Long-horizon forecasting in nuclear power plants is essential for operator support under abnormal and accident conditions, where timely understanding of future parameter evolution can improve decision-making and help maintain safety margins. In such situations, operator support systems should not only interpret the current plant state but also anticipate the future trends of multiple key variables over extended time horizons. However, as the forecasting horizon becomes longer and the number of variables increases, direct forecasting models often suffer from degraded performance due to high-dimensional correlations and nonlinear dynamic behavior. To address this challenge, this study investigates a latent prediction framework for long-horizon forecasting and focuses on optimizing the latent dimension, which is a key design variable in latent-space modeling.

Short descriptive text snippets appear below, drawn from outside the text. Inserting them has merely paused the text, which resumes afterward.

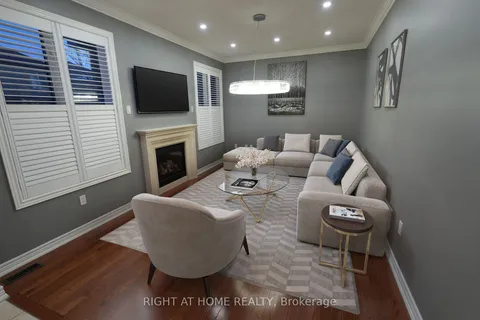 9 Glade Dr, Richmond Hill, ON L4E 0G9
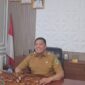 AKSI TEGAS DONGKRAK PAD: Wakil Bupati PALI, Iwan Tuaji, saat memberikan keterangan pers dalam wawancara khusus mengenai rencana pengambilalihan sumur tua Pertamina melalui BUMD berbasis Permen 14, bertempat di ruang kerjanya, Senin (18/5/2026). Pemkab PALI berkomitmen mengoptimalkan sektor migas guna memperkuat kemandirian fiskal daerah. (Foto: Dok/Santo)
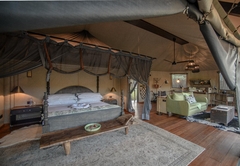 Romance Luxury Tent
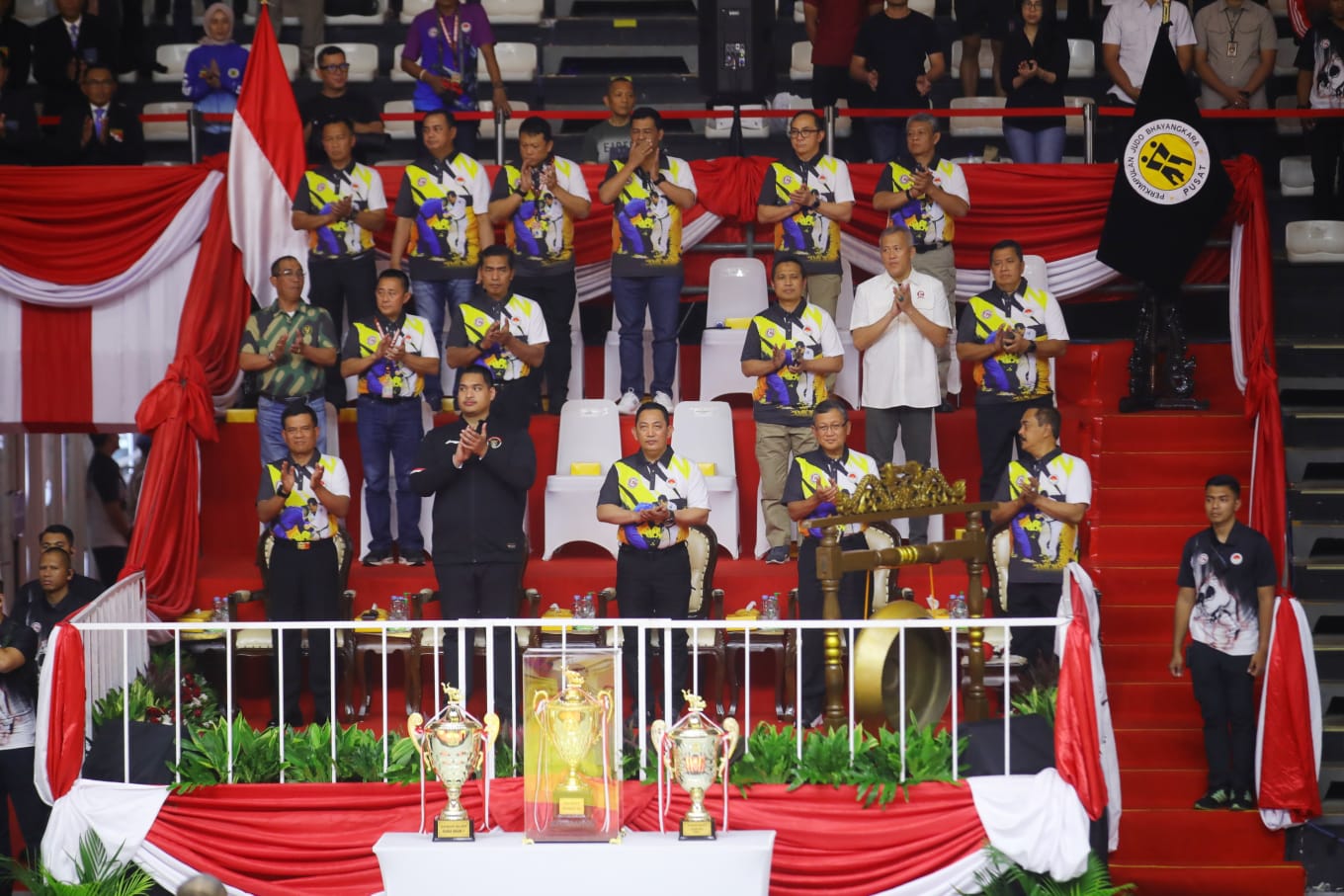 Menpora Dito Dampingi Kapolri Buka Kejurnas Judo dan Bela Diri Kapolri Cup 2024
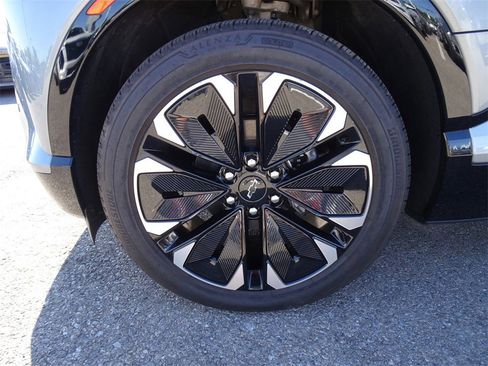 Used 2024 Chevrolet Blazer EV RS image 20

A pilot study on nuclear power plant emergency scenario forecasting showed that a two-stage latent-space approach, in which an autoencoder compresses future parameter trends into latent vectors and a predictor estimates those latent vectors before reconstruction through a decoder, can outperform direct forecasting models in both accuracy and efficiency for long-horizon prediction. Building on this motivation, the present study treats the latent dimension not as a fixed empirical parameter but as an optimization target. Multiple latent dimension candidates were evaluated by jointly considering reconstruction quality and forecasting performance.

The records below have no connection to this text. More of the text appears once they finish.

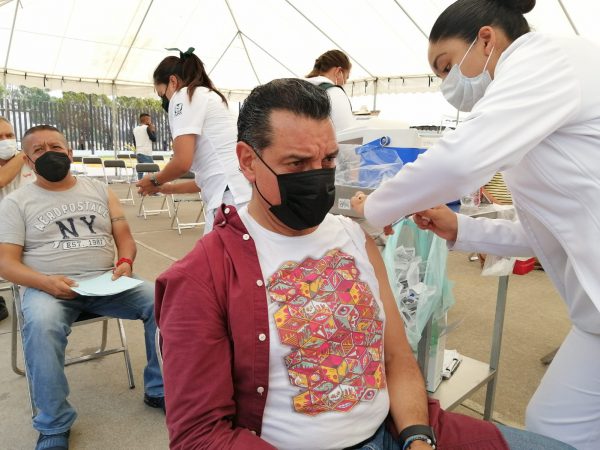 Cierran vacunación para personas de 50 a 59 años en Zamora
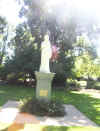 monument.jpg (293735 bytes)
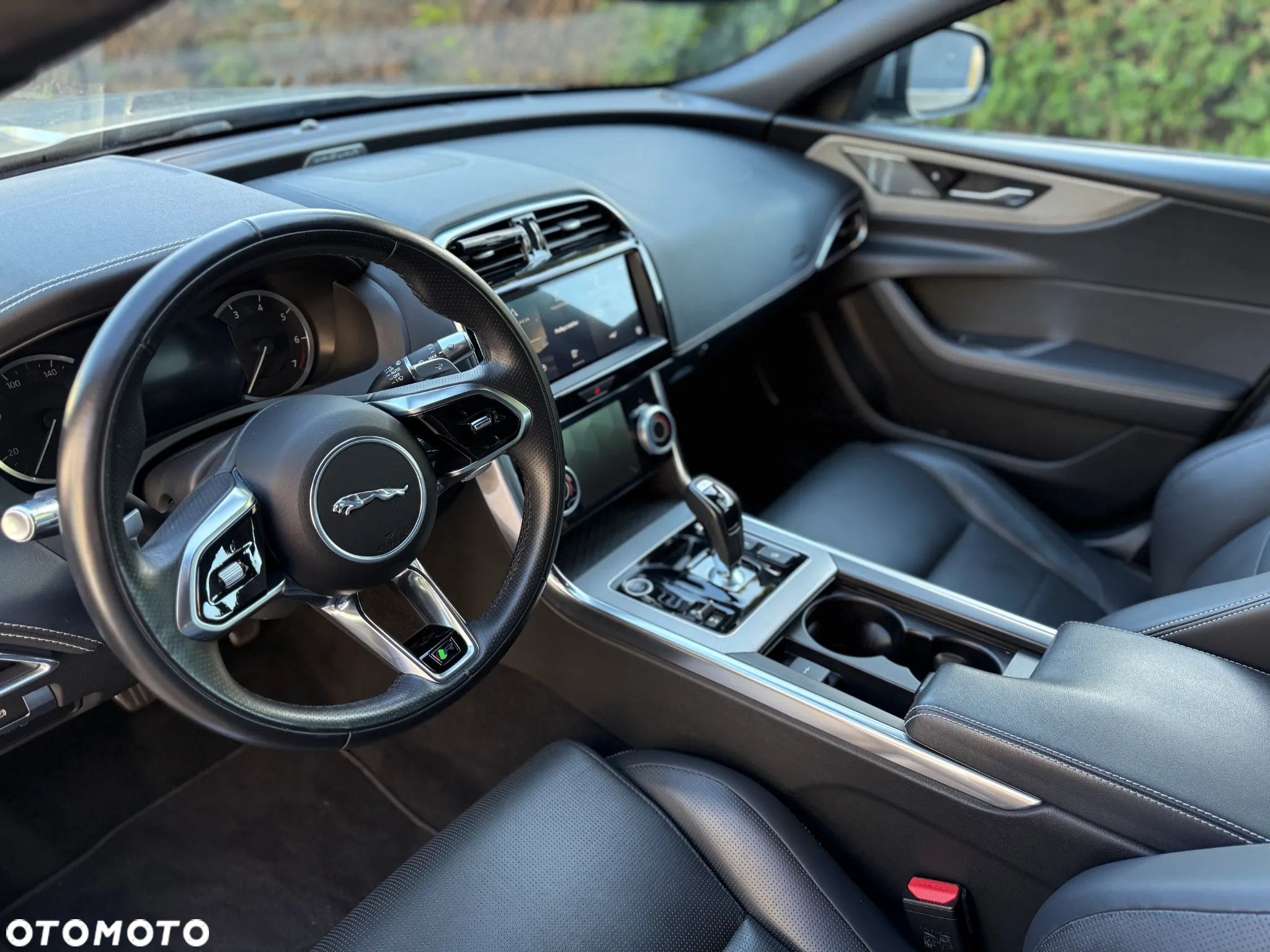 Jaguar XE 2.0 P250 R-Dynamic Black - 13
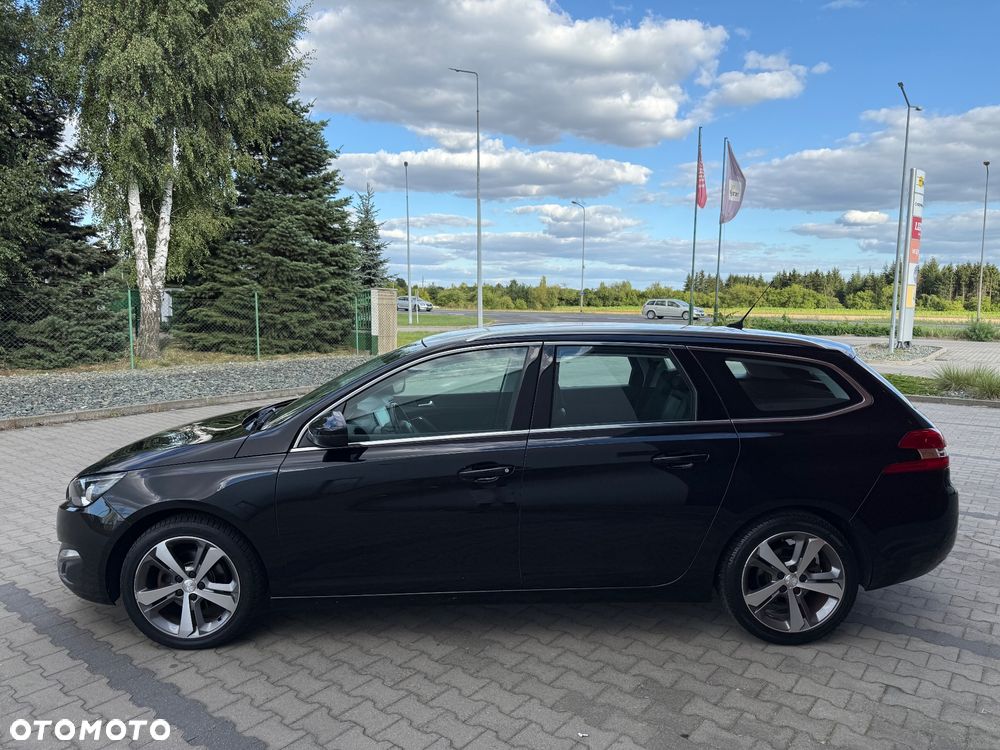 Peugeot 308 1.2 PureTech Allure S&S - 4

The results indicate that an excessively small latent dimension fails to preserve important dynamic characteristics and inter-variable relationships, leading to reduced long-horizon prediction accuracy. In contrast, an excessively large latent dimension introduces unnecessary degrees of freedom, which can weaken generalization performance and reduce learning efficiency. The study further suggests that the optimal latent dimension depends on the complexity of the forecasting problem and tends to increase as the number of target variables grows. These findings highlight that latent-space capacity should be adaptively determined according to the dimensionality of the plant variables and the complexity of the prediction task.

This work contributes by emphasizing latent dimension optimization as a critical step in developing latent prediction models for nuclear power plant applications. The proposed perspective can support future applications such as trip margin prediction, mitigation action assessment, and advanced operator support for long-horizon, high-dimensional forecasting problems.